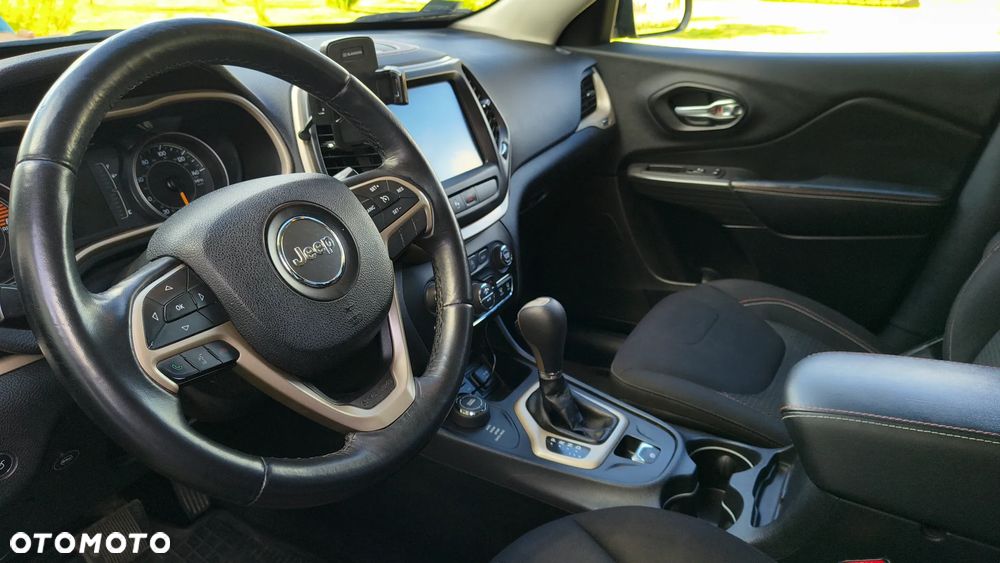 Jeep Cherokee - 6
---
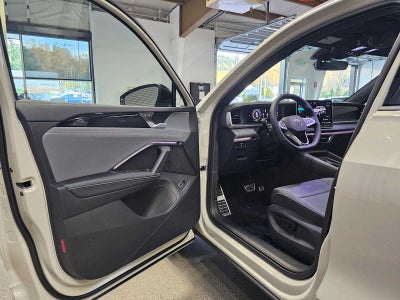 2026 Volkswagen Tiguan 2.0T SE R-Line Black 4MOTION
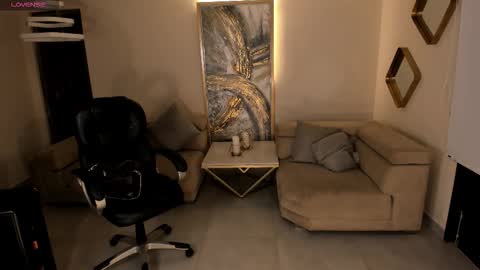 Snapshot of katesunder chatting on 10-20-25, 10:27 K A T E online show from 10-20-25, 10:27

→ **Your assignment**
Above are records; write out the lines from the one with "2026 Volkswagen Tiguan" down to the one with "Snapshot of katesunder", exactly, leaving the pictures out.

→ **Reply**
 2026 Volkswagen Tiguan 2.0T SE R-Line Black 4MOTION
 Snapshot of katesunder chatting on 10-20-25, 10:27 K A T E online show from 10-20-25, 10:27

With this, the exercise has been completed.